AWS IoT SiteWise cold tier Re-partitioning

About this Repo

This repo provides code samples to re-partition the AWS IoT SiteWise cold storage tier data and store it into a destination Amazon S3 bucket. Re-partitioning helps with improving Athena query performance for query patterns encompassing multiple time series.

How does it work?

The samples provided downloads time series objects from cold tier S3 bucket, merges them into daily partitions, and finally, uploads to a destination S3 bucket. Post initial-run, only new data additions are re-partitioned. Following are a few supported scenarios.

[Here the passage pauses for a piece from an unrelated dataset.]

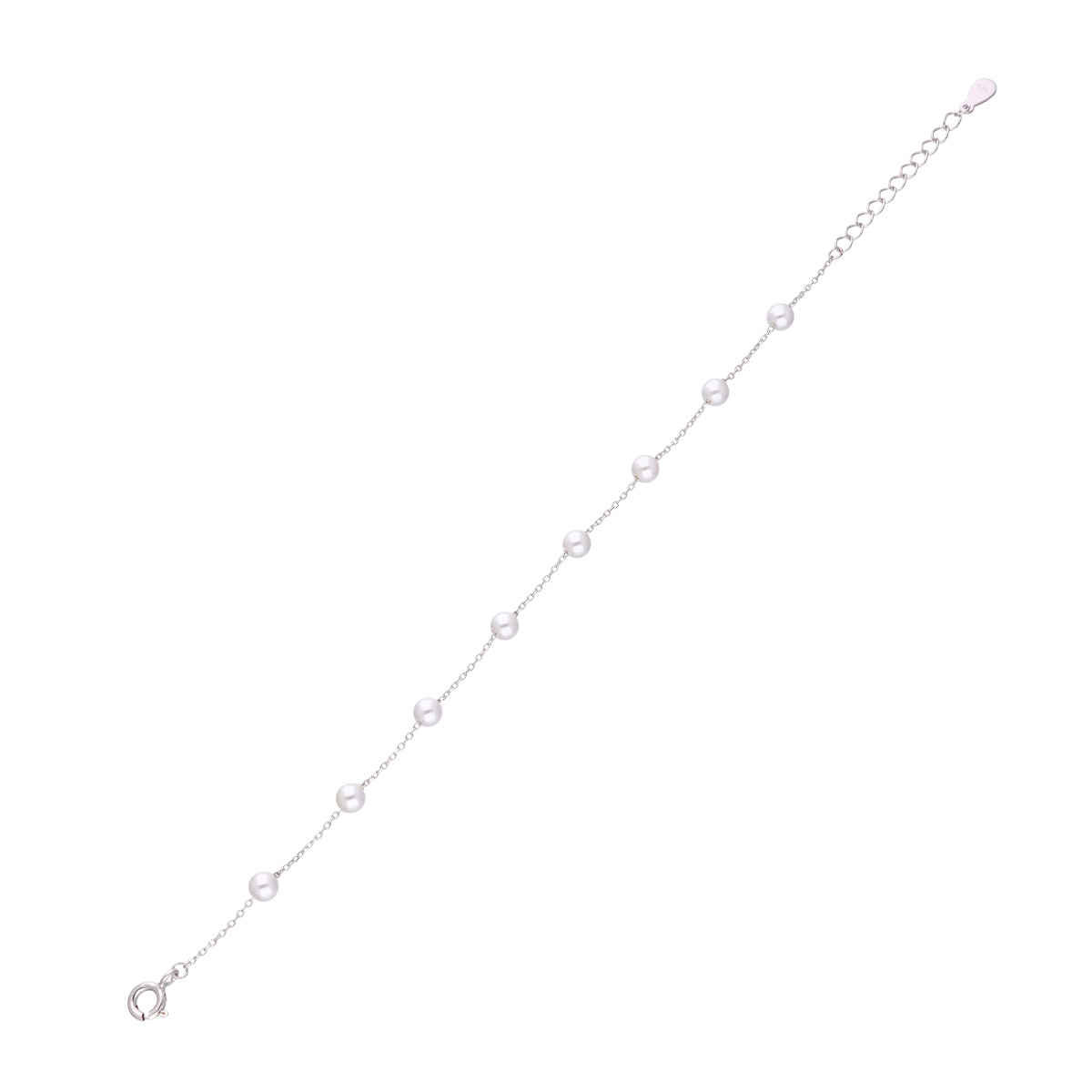 Kai Jewel Silver Classic Pearl Bracelet | BRLO393-S-NA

Change in Asset Modeling	Supported?
No change, all existing assets and properties	Y
New properties added to an existing asset	Y
New assets added	Y
New datastream mapped to an existing property	Y

Prerequisites

Configure AWS credentials either using config file or shared credential file. Ensure your region is configured in the config file.

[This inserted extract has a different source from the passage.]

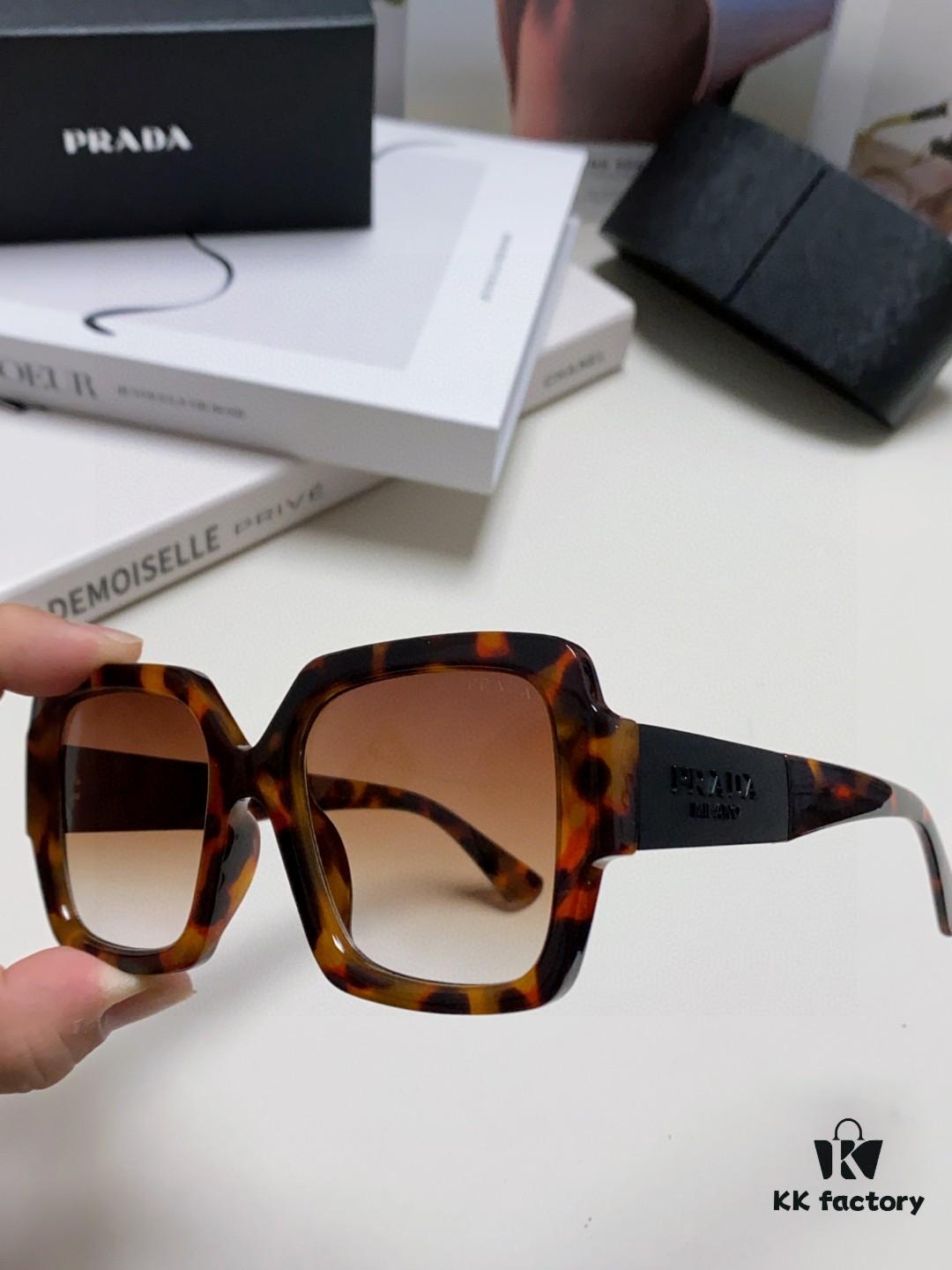 PRADA Runway Showpiece - Color-Block Sporty Sunglasses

You are expected to have specific permissions to access Amazon S3, AWS IAM and AWS Glue as mentioned below. Replace the placeholders with property values as explained in Configure section.

{
    "Version": "2012-10-17",
    "Statement": [
        {
            "Effect": "Allow",
            "Action": [
                "s3:PutObject"
            ],
            "Resource": "<ARN of s3.glue_assets.bucket_name>/*"
        },
        {
            "Effect": "Allow",
            "Action": "iam:PassRole",
            "Resource": "<glue_role_arn>"
        },
        {
            "Effect": "Allow",
            "Action": [
                "glue:CreateJob",
                "glue:StartJob*",
                "glue:DeleteJob",
                "glue:GetJob*"
            ],
            "Resource": "*"
        }
    ]
}

Ensure Python 3 is installed on your system, you can verify by running python3 --version or python --version (on Windows).
Clone this Git repository and install required Python packages by running pip3 install -r requirements.txt
Ensure make utility is installed on your system, you can verify by running make --version. You can manually download the source code from GNU Make website or Make for Windows (for Windows OS).

How to use?

1) Configure

Review and update the configuration in the config.yml and Makefile files.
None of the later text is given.